3. a kind of driving behavior improvement remote control system according to claim 1 is characterized in that, described remote monitoring module (2) reads the driving behavior state sent by described vehicle control module (1) by CAN communication mode data, and the new vehicle parameters sent by the monitoring platform (4) are received, and the vehicle control module (1) is issued and re-calibrated.

4. A driving behavior improvement remote control system according to claim 1, characterized in that, the wireless communication module (3) sends driving behavior state data to the monitoring device through 3G, 4G, 5G or WIFI network mode The platform (4) is sent to the remote monitoring module (2) in response to the received new parameter calibration requirements.

5. a kind of driving behavior improvement remote control system according to claim 1, is characterized in that, described monitoring platform (4) is used for inquiring vehicle operation data and parameter re-calibration, and sends to remote monitoring module (2) The calibration content and request for the relevant parameters of the vehicle control module (1).
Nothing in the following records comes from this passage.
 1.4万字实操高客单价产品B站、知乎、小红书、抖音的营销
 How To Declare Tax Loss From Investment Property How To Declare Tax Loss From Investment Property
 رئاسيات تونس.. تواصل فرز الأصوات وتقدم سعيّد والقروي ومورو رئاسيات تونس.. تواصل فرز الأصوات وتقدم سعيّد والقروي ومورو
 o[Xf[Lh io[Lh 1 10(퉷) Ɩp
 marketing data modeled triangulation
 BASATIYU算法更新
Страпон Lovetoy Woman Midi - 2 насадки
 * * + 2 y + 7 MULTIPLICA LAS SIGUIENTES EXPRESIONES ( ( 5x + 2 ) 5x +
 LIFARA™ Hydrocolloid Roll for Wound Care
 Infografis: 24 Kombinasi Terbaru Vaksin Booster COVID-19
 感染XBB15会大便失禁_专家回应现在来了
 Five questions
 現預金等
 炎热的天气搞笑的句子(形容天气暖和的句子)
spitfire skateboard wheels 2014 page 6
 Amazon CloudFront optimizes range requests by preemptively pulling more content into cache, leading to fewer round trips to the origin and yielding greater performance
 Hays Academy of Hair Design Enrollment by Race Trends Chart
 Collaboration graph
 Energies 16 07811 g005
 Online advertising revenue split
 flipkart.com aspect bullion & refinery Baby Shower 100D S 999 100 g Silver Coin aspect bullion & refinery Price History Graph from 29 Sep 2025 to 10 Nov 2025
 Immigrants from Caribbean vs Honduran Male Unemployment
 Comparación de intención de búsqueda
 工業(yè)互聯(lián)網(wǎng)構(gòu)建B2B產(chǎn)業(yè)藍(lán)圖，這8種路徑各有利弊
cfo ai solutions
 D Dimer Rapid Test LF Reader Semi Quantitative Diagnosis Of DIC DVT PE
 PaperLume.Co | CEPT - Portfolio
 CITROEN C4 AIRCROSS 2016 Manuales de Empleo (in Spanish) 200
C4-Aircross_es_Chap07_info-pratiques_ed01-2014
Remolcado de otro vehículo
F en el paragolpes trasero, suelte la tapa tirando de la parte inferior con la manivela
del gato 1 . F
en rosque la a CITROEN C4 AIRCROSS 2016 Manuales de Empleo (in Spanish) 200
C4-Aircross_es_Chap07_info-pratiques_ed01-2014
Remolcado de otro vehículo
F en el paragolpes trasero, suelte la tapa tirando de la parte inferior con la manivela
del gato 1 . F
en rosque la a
6. a kind of driving behavior improvement remote control system according to claim 1 is characterized in that, the working method of this system remote calibration comprises the steps:

K1: The monitoring platform (4) sends a request for the calibration information of the vehicle parameters;

K2: After receiving the calibration information through the wireless communication module (3), the remote monitoring module (2) communicates with the vehicle control module (1) through CAN communication, and sends handshake information to the vehicle control module (1);

K3: After the vehicle control module (1) receives the handshake information, it sends the handshake response information to the remote monitoring module (2). If the remote monitoring module (2) does not receive the handshake response information within the specified time, it will send the information to the vehicle The control module (1) sends the handshake response information. If the number of retransmissions exceeds the specified number of times, the data transmission fails, and returns to step K2. If the remote monitoring module (2) receives the handshake response information within the specified time, the next step is performed;

K4: The remote monitoring module (2) sends the specific content of the calibration parameter information to the vehicle control module (1);

K5: The vehicle control module (1) receives the content of the calibration information and sends the information to the parameter calibration module to change the corresponding vehicle state parameters.